What is needed =>
Exact copies of the line with "9286371380001C - KNOB" and of all lines after it through the end of the entries are required, and no other lines.

Collected data:
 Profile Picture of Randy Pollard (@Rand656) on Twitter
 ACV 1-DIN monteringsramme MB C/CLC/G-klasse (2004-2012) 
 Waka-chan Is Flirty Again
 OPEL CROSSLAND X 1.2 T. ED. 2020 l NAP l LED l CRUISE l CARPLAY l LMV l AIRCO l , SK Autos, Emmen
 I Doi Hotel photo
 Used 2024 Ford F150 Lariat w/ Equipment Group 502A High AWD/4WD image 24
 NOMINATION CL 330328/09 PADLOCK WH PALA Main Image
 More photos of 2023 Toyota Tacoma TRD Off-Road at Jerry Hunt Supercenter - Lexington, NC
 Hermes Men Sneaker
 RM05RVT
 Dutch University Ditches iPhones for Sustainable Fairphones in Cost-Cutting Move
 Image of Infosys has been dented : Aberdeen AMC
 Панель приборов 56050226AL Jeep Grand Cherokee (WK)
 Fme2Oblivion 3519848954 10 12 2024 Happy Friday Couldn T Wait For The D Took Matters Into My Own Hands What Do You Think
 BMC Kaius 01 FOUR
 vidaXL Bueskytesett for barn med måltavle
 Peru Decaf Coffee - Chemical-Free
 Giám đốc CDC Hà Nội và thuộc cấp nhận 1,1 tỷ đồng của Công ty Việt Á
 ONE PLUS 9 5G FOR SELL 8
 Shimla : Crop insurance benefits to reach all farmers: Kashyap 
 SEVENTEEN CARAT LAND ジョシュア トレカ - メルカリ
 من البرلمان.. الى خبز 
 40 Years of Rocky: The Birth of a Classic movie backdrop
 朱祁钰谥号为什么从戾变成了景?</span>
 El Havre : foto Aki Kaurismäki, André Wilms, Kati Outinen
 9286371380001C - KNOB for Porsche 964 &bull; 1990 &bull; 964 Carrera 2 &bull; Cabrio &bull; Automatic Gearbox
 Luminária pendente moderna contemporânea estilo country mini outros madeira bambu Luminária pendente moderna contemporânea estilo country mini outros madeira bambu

Response below =>
 9286371380001C - KNOB for Porsche 964 &bull; 1990 &bull; 964 Carrera 2 &bull; Cabrio &bull; Automatic Gearbox
 Luminária pendente moderna contemporânea estilo country mini outros madeira bambu Luminária pendente moderna contemporânea estilo country mini outros madeira bambu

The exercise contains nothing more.